▶ [Available records]
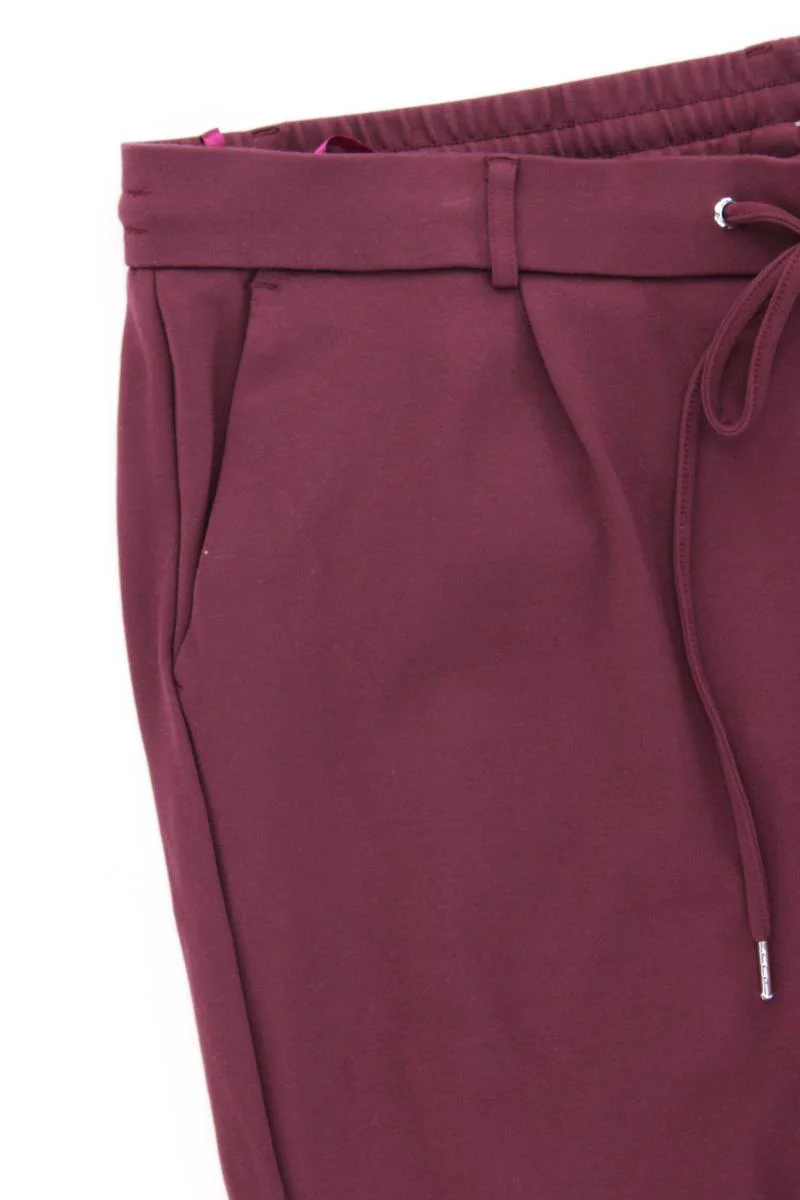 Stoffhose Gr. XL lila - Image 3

--

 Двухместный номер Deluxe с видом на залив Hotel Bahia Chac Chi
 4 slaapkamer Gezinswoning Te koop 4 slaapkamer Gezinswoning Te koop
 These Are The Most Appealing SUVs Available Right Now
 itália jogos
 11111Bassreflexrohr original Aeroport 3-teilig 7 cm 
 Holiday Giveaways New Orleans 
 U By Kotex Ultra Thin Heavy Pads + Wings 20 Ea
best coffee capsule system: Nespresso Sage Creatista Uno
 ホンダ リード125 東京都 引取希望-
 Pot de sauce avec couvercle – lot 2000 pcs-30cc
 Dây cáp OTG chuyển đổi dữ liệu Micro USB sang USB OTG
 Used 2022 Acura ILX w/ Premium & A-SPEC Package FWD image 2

▶ [Exercise objective] In the listing above, find the line containing "itália jogos" and the line containing "Used 2022 Acura", then repeat those two lines and everything between them exactly.

▶ [Answer for the task]
 itália jogos
 11111Bassreflexrohr original Aeroport 3-teilig 7 cm 
 Holiday Giveaways New Orleans 
 U By Kotex Ultra Thin Heavy Pads + Wings 20 Ea
best coffee capsule system: Nespresso Sage Creatista Uno
 ホンダ リード125 東京都 引取希望-
 Pot de sauce avec couvercle – lot 2000 pcs-30cc
 Dây cáp OTG chuyển đổi dữ liệu Micro USB sang USB OTG
 Used 2022 Acura ILX w/ Premium & A-SPEC Package FWD image 2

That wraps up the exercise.